MEMAHAMI AYAT DENGAN AYAT
Menafsirkan satu ayat Alquran dengan ayat
Alquran yang lain, adalah jenis penafsiran yang paling tinggi. Karena ada
sebagian ayat Alquran itu menerangkan makna ayat-ayat yang lain. Contohnya
ayat, yang artinya : “ Ketahuilah, sesungguhnya wali-wali Allah itu
tidak pernah merasa cemas dan tidak pula merasa bersedih hati.” [QS.Yunus :
62].
Lafadz Auliya’ (wali-wali), ditafsirkan
dengan ayat berikutnya yang artinya : “ Yaitu orang-orang yang beriman
dan mereka selalu bertaqwa.” [QS.Yunus : 63].
Berdasarkan
ayat di atas maka setiap orang yang benar-benar mentaati perintah-perintah
Allah dan meninggalkan larangan-larangan-Nya, maka mereka itu adalah Wali
Allah.
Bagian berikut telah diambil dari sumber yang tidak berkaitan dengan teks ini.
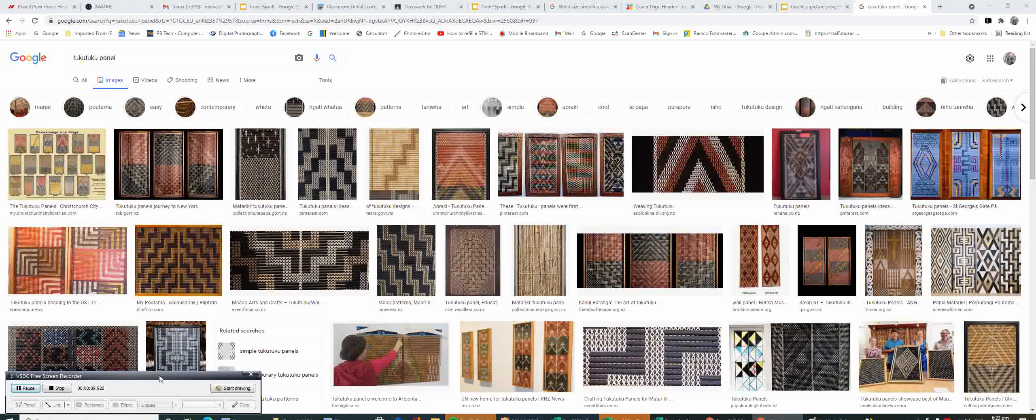For lesson one today, we are going to create our own Māori design in Microsoft Paint. The design will be based on a tukutuku panel. I've done a search here for tukutuku panel, and these are some of the results.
Tafsiran ini sekaligus sebagai bantahan orang-orang yang mempunyai
anggapan, bahwa Wali itu ialah orang yang mengetahui perkara-perkara ghaib,
memiliki kesaktian, di atas kuburnya terdapat bangunan kubah yang megah, atau
keyakinan-keyakinan yang bathil yang lain. Dalam hal ini, Karomah bukan sebagai
syarat untuk membuktikan orang itu wali atau bukan. Karena Karomah itu bisa
saja tampak bisa juga tidak.
Adapun hal –hal yang aneh yang ada pada diri
sebagian orang-orang sufi dan orang-orang Ahli Bid’ah, adalah sihir, seperti
yang sering terjadi pula pada orang-orang Majusi di India dan lain sebagainya.
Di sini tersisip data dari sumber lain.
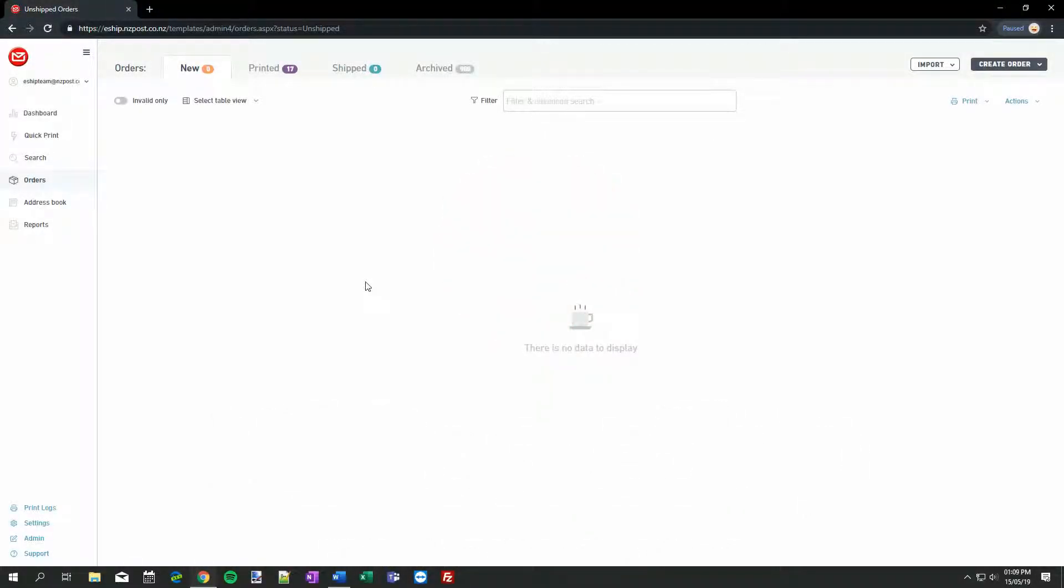In this lesson, I'll be demonstrating how to install and configure the Print Client application for eShip, so that you can print Courier Post, PACE, and New Zealand Post international labels.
Itu sama sekali bukan Karomah, tetapi sihir seperti yang di firmankan Allah,
artinya : “Terbayang kepada Musa, seolah-olah ia merayap cepat lantaran
sihir mereka.” [QS. Thaha :66].
2.
MEMAHAMI ALQURAN DENGAN HADITS YANG SHAHIH
Menafsirkan ayat Alquran dengan hadits shahih
sangatlah penting, bahkan harus. Allah menurunkan Alquran kepada Rasulullah
tidak lain supaya diterangkan maksudnya kepada semua manusia. Firman Allah,
yang artinya : “… Dan Kami turunkan Alquran kepadamu (Muhammad) supaya
kamu terangkan kepada umat manusia apa yang telah diturunkan kepada mereka agar
mereka pikirkan.” [QS. An-Nahl : 44].
Rasulullah bersabda yang artinya : “
Ketahuilah, aku sungguh telah diberi Alquran dan yang seperti Alquran
bersama-sama.” [HR. Abu Daud].
Berikut
beberapa contoh Tafsirul ayat bil hadits :
1.
Ayat yang artinya : “ Bagi orang-orang
yang berbuat baik, ada pahala yang terbaik ( Syurga) dan tambahannya.”
[QS.Yunus : 26].
Tambahan di sini menurut keterangan Rasulullah,
ialah berupa kenikmatan melihat Allah. Beliau bersabda yang artinya : “
Lantas tirai itu terbuka sehingga mereka dapat melihat Tuhannya, itu lebih
mereka sukai dari pada apa-apa yang di berikan kepada mereka. “ kemudian Beliau
membaca ayat ini. [HR.Muslim].
2.
Ketika turun ayat, yang artinya : “
Orang-orang yang beriman dan tidak mencampur adukan iman mereka dengan
kedzaliman …” [QS. Al-An’am : 82]
Menurut Abdullah bin Mas’ud, para Sahabat
merasa keberatan karenanya. Kemudian mereka pun bertanya , “ Siapa di
antara kami yang tidak mendzalimi dirinya ya Rasul ?” Beliau menjawab, “ Bukan
itu maksudnya. Tetapi yang dimaksud kedzaliman di ayat itu adalah Syirik.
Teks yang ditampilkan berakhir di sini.